━━━ Material supplied

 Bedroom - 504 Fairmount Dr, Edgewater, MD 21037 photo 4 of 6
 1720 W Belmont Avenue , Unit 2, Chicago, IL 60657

━━━━━━
━━━ Material supplied

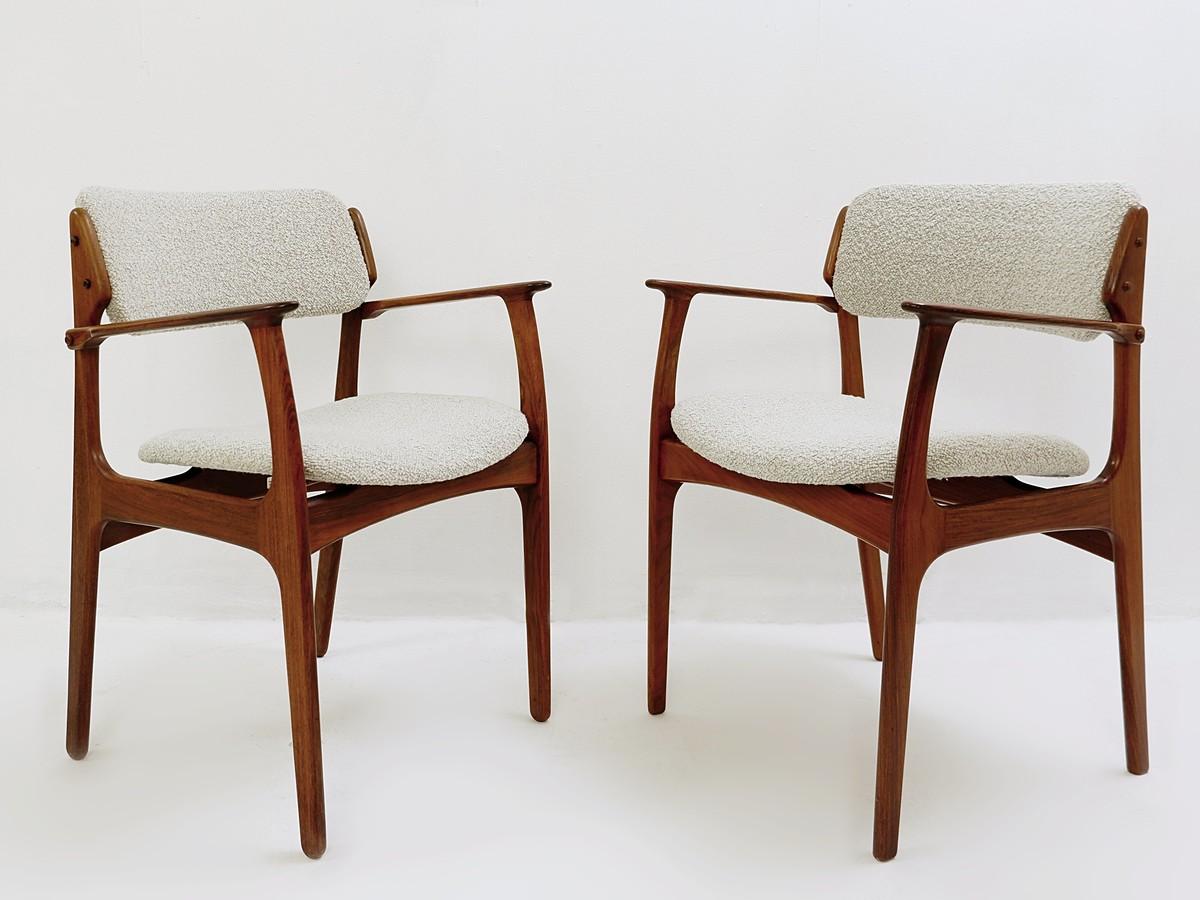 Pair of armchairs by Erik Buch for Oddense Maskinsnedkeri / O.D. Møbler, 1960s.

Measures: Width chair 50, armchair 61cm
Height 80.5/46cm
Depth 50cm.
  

━━━━━━

## Problem:
Reproduce exactly the lines of the records above from the one with "Bedroom - 504" to the one with "1720 W Belmont", both included, and leave out everything else.

## Response area:
 Bedroom - 504 Fairmount Dr, Edgewater, MD 21037 photo 4 of 6
 1720 W Belmont Avenue , Unit 2, Chicago, IL 60657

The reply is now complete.